Then, the function returns a new list of words, that is a subset of the argument words, containing all the words that can still be the correct word.

Make sure that your filter_words function passes these tests:

# The first "a" is correct, so it should be kept.
>>> filter_words(["abe", "ace"], "ark", score("a??", "ark"))
['abe', 'ace']

# "b" isn't present in the correct word, so "abe" should be dropped.
>>> filter_words(["abe", "ace"], "abi", score("a??", "abi"))
['ace']

# Guess has two "a" and correct word only has one, so "aazz" should be excluded.
>>> filter_words(["aazz"], "xxaa", score("azzz", "xxaa"))
[]

# Secret word has one "a" and it's not in the two last positions.
>>> filter_words(["azzz", "zazz", "zzaz", "zzza"], "xxaa", score("azzz", "xxaa"))
['azzz', 'zazz']

Go ahead, try to implement this function yourself... I can wait :)

Alright, assuming you got this correct, or just don't care about the challenge, here is my implementation:

def filter_words(words, guess, score):
    """Filter words to only keep those that respect the score for the given guess."""

    new_words = []
    for word in words:
        # The pool of characters that account for the PRESENT ones is all the characters
        # that do not correspond to CORRECT positions.
        pool = collections.Counter(c for c, sc in zip(word, score) if sc != Tip.CORRECT)
        for char_w, char_g, sc in zip(word, guess, score):
            if sc == Tip.CORRECT and char_w != char_g:
                break  # Word doesn't have the CORRECT character.
            elif char_w == char_g and sc != Tip.CORRECT:
                break  # If the guess isn't CORRECT, no point in having equal chars.
            elif sc == Tip.PRESENT:
                if not pool[char_g]:
                    break  # Word doesn't have this PRESENT character.
                pool[char_g] -= 1
            elif sc == Tip.ABSENT and pool[char_g]:
                break  # ABSENT character shouldn't be here.
        else:
            new_words.append(word)  # No `break` was hit, so store the word.

    return new_words

Playing the game against the computer

Now that the computer can filter the list of words down, we can play the game!

The program will load all the words from the list, then it will ask you for your secret word.
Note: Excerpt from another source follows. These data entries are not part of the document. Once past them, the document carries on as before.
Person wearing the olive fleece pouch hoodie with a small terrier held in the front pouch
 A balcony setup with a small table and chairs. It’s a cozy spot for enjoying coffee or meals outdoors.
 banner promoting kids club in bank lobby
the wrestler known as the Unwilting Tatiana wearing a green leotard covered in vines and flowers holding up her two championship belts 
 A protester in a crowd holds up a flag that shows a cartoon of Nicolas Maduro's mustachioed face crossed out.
After that, the computer trims down the list to only use words of the correct length, and then will try random guesses until it gets it right!

Here is a possible implementation of this:

import random

if __name__ == "__main__":
    WORD_LST = "WORD.LST"  # Point to a file with a word per line.

    with open(WORD_LST, "r") as f:
        words = [word.strip() for word in f.readlines()]

    print("Write your secret word:")
    secret = input(">>> ")

    words = [word for word in words if len(word) == len(secret)]
    while len(words) > 1:
        print(f"I'll guess randomly from my pool of {len(words)} words...")
        sample = ", ".join(words[:8])
        end = ", among others..." if len(words) > 8 else "."
        print(f"I'm considering {sample}{end}")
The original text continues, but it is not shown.